Заметно было, что русские люди любили пожаловаться иностранцу (кому же еще?) на свое нелегкое житье-бытье. Кстати, добраться до Ленинграда тогда было совсем непросто ввиду большого количества военных, покидавших бывшие братские страны - ГДР, Чехословакию и Польшу. Мы с большим трудом, по блату, достали билет на проходящий "Жданов - Петроград" (так и было написано на вагоне, что говорит о сумятице того странного времени). Вагон был раздолбан до предела и грязный до ужаса. Джим, который вовсе не был махровым обывателем и придерживался даже левых взглядов, был, мне кажется, несколько шокирован. Наш сосед по купе, узнав, что Джим иностранец, срочно сбегал в вагон-ресторан и принес десять бутылок старого кислого пива, которым усердно стал угощать Джима, приглашая, при этом, в гости куда-то под Псков, акцентируя тот факт, что жены дома не будет. Ночью этот тип долго икал и вышел на станции Дно, прихватив с собой канадские сигареты.
Питерские художники показались Джиму интересными, - по крайней мере, некоторые из них. Шли разговоры об отмене выставки. Пробыв там три дня, мы отправились в Москву, где остановились на квартире Жигалова-Абалаковой, которые все еще находились в Англии. Но их друзья вдоволь поводили нас по всяким крутым выставкам (на одной, вблизи площади Пушкина, вся комната в стареньком деревянном доме была оклеена вышедшими из употребления рублями). Между прочим, когда мы поджидали наших девочек-кураторов в сквере у памятника Пушкину, Джим смотрел-смотрел на монумент, который запомнил еще по Петербургу, и вдруг спросил у меня: "Это что, какой-то известный генерал?".

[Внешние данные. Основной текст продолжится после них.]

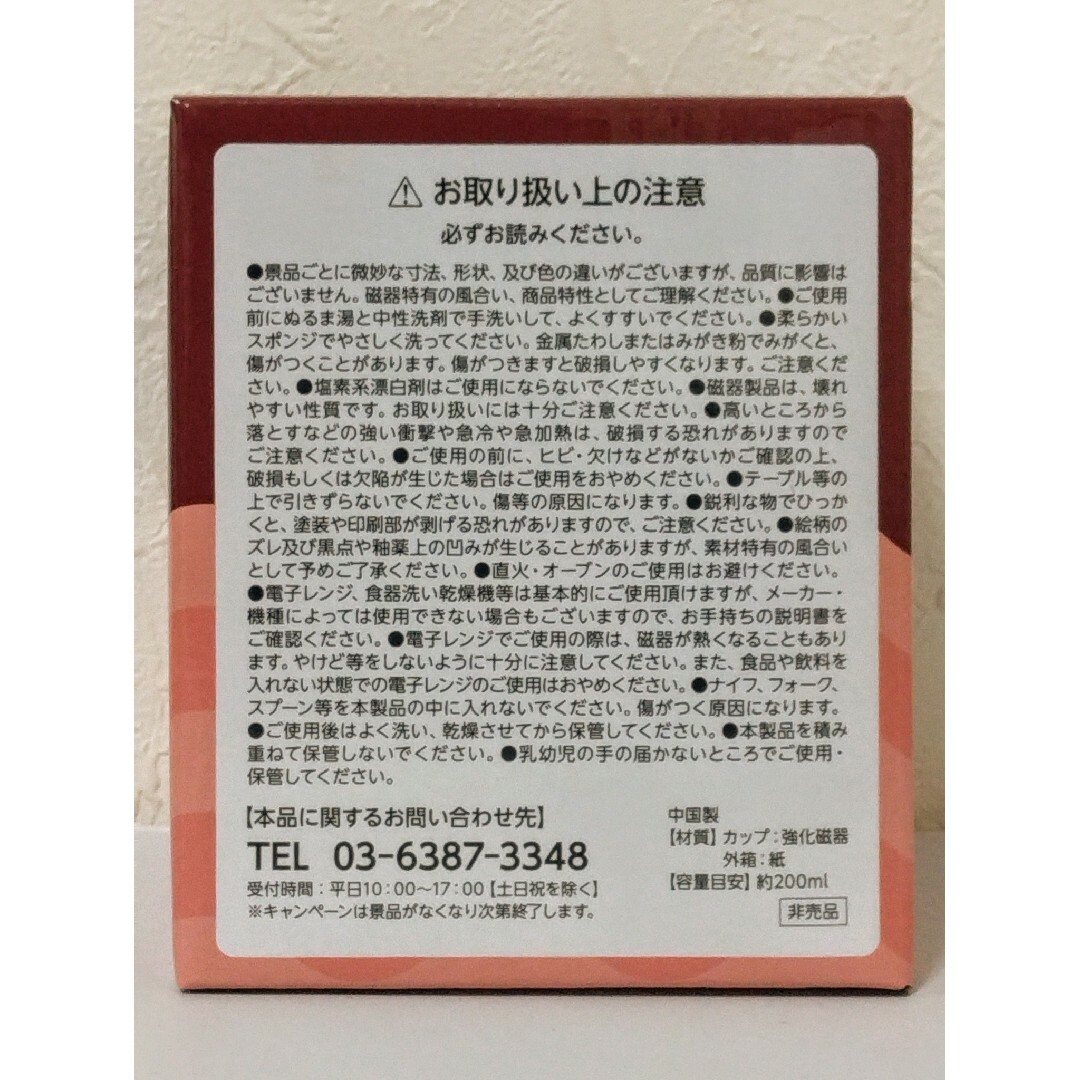 コカ・コーラ(コカコーラ)のコスタコーヒー　桜柄カップとプレート インテリア/住まい/日用品のキッチン/食器(食器)の商品写真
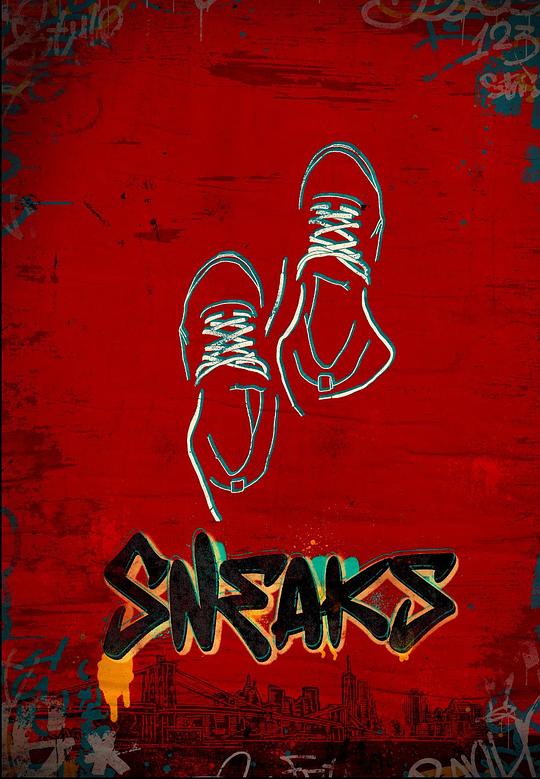 暗夜成人视频《好鞋成双 Sneaks》免费在线观看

Апогеем наших путешествий была поездка за город, где на территории бывшего пионерлагеря состоялась грандиозная тусовка всех радикальных московских художников, поэтов, перформансистов, богемных мальчиков и девочек. Здесь была инсталляция Ивана Чуйкова, присутствовали поэт Лев Рубинштейн, актер Юхананов, критик Гройс и многие другие. Джим общался с народом в полный рост. Его вывод о поездке, когда мы прощались с ним в Шереметьево-2, был следующий: "Ужасная страна, но замечательные люди".